From Staff and Wire Service Reports

 

A Ventura Superior Court yesterday judge set a Feb. 21 execution date for a Stockton man who raped and killed a 17-year-old Lodi girl whose body was found beaten and stabbed in a nearby vineyard 25 years ago.

Michael Morales, 46, was convicted of murdering Terri Winchell, whose skull, cheek bones and jaw were fractured. Prosecutors theorized that Morales killed the girl in 1981 in a revenge attack for spreading rumors that his cousin was gay.

Winchell’s boyfriend was supposedly involved in a homosexual relationship with the cousin, Ricky Ortega.

Prosecutors said that Ortega enlisted Morales’ help in killing Winchell out of jealousy. Winchell was raped, beaten, stabbed multiple times, and had her jaw broken, according to testimony.

Morales was tried in Ventura County because of extensive pretrial coverage in San Joaquin County. Judge Charles McGrath set the execution date.

The California Supreme Court upheld Morales’ 1983 conviction and the federal courts eventually denied. In 1996, the U.S. Supreme Court ordered the federal courts to entertain a variety of challenges to the conviction, which ultimately were rejected.

Among other things, Morales challenged the finding that the murder was committed while torturing the victim — the basis for the death sentence — and alleged that prosecutors concealed an agreement with a jailhouse informant to extract a confession from Morales.

The Ninth U.S. Circuit Court of Appeals eventually rejected those and other arguments in July 2003, holding that while the torture instruction given to the jury was unconstitutional because it did not explain that torture requires “extreme pain,” it made no difference because a lying-in-wait special circumstance was also found true and the torture finding would have been made under any reasonable instruction.

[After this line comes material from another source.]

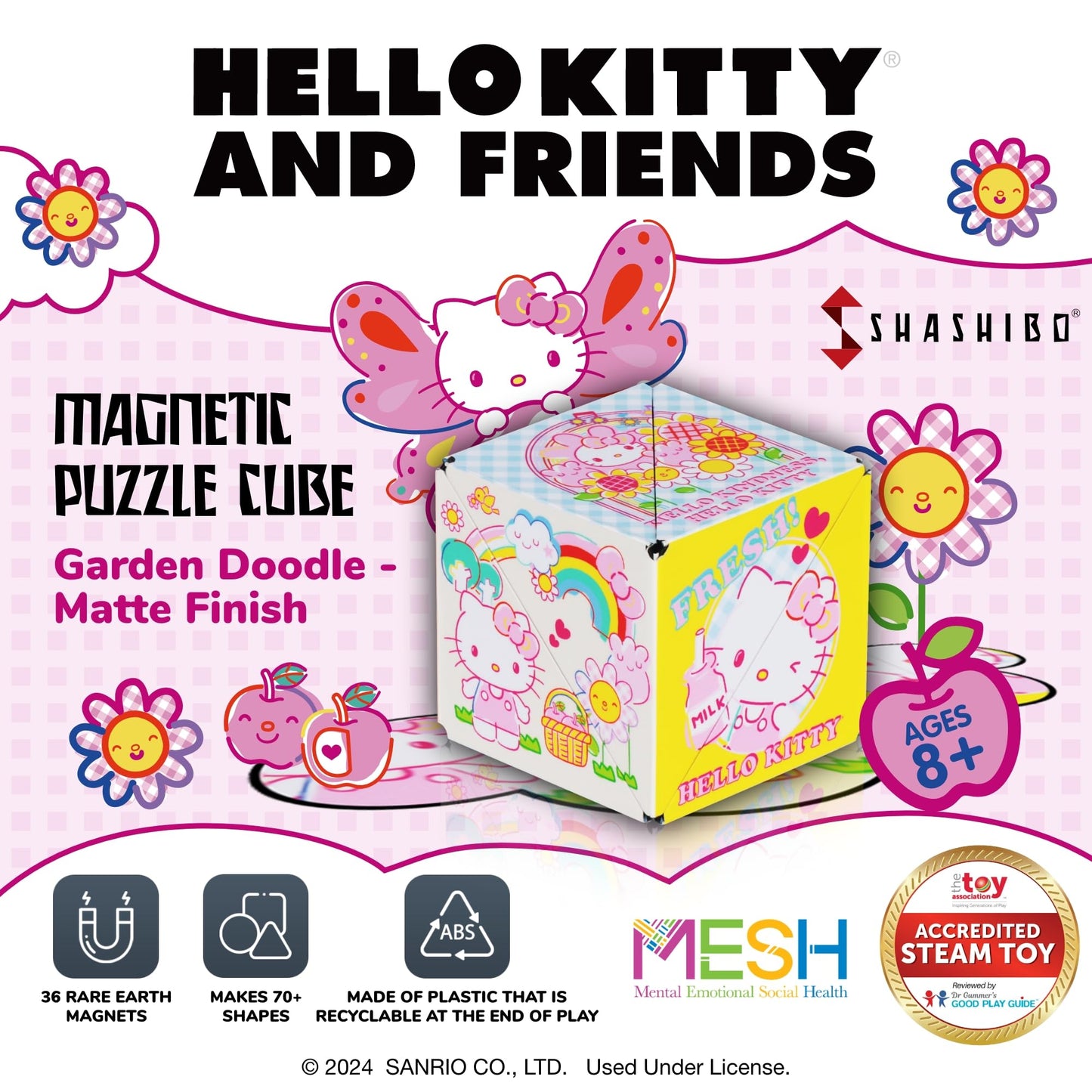 Shashibo Hello Kitty & Friends Shape Shifting Box - Award-Winning, Patented Magnetic Puzzle Cube W/ 36 Rare Earth Magnets-Fidget Toys For Adults & Kids 8+,Transform Into Over 70 Shapes (Garden Doodle)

“There is no reason to doubt that after he failed to kill her by strangling her with the belt, he beat her head in with a hammer, and when she still lived, dragged her out of the car, raped her, and stabbed her several times,” Judge Andrew J. Kleinfeld wrote for the appeals court.

The U.S. Supreme Court denied review last October, the same month it denied review of appeals by Stanley “Tookie” Williams and Clarence Ray Allen, both of whom have since been executed.

Twenty-five years after the murder, Winchell’s mother, Barbara Christian, said she’ll never forget her daughter.

“After I was notified by Sgt. Andy Jackson that they were recovering her body from a cold, dark vineyard in Lodi, I looked at the laundry basket with her clean clothes still in it and I thought, ‘This is the last time I will ever be able to fold her clothes,”’ she said. “My heart wrenched with grief.”

If carried out, Morales’ lethal injection at San Quentin State Prison would be the fourth California execution in 13 months.